Decidieron volver al edificio donde se conocieron, cada uno en su departamento. “Yo sabía que estas dificultades no nos habían hecho perder la claridad de lo que sentíamos y no quería abandonar el proyecto, pero el desgaste estaba siendo superior. Armando, que es más conservador, sintió por mucho tiempo que si nos habíamos casado y éramos una familia, no podíamos vivir separados. Pero finalmente aceptó, porque notó que los niños nos necesitaban por separado”.
“Son las expectativas las que interfieren también en la solución del dilema de la convivencia”, explica Claudia Bartolucci, y agrega: “Porque hay tantas estructuras de cómo deben ser las cosas, que la mayoría de los sufrimientos en la vida afectiva y sexual tienen que ver con modelos irreales de lo que es aceptado y divulgado socialmente”.
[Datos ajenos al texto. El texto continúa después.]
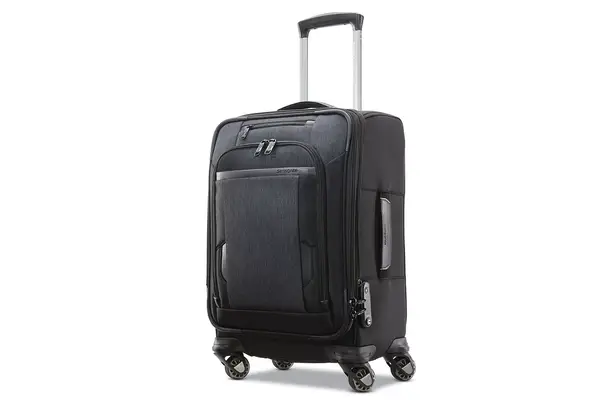 Samsonite Pro Carry-On Spinner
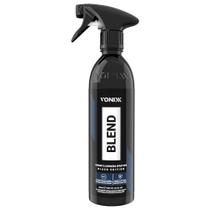 Blend spray black 500ml 2026005 vonixx Blend spray black 500ml 2026005 vonixx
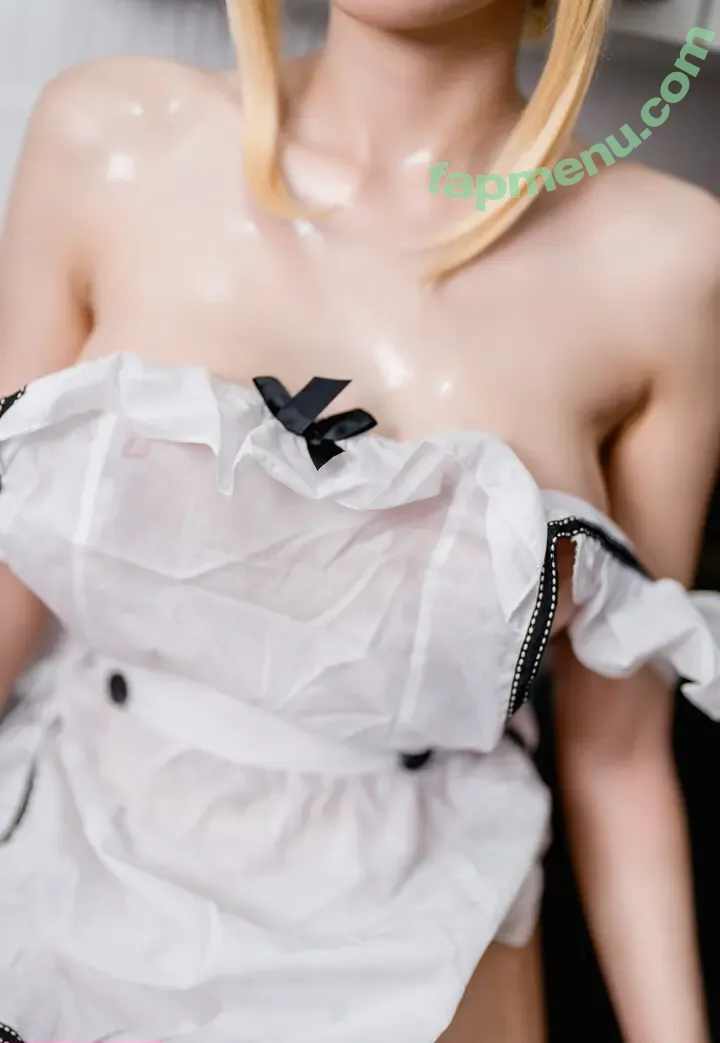 Yukine nude photo #0010 (alexis.m.uwu)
“Entre estallidos y pandemias, ha sido fuerte, pero creo que hay que darle una oportunidad al amor en los adultos, a las fusiones de familias sin juicios, y a los acuerdos. Porque esas dos puertas y el hall que nos separan sí hacen la diferencia: la independencia nos ha permitido adoptar el pensar y planificar mejor el día a día como una forma de vida que a ambos nos gusta e, incluso, tener como plan vivir juntos cuando los niños dejen de ser adolescentes “, agrega la especialista.
Guérnica Collao añade: “Tenemos que abrirnos a pensar las relaciones de forma más diversa, porque el amor romántico no es la regla y hay miles que te pueden dar niveles de satisfacción muy altos. De hecho, está probado en los estudios que quienes logran vivir bien en esta dinámica, son más felices porque sus vínculos se vuelven seguros con el tiempo, sin miedo al abandono”.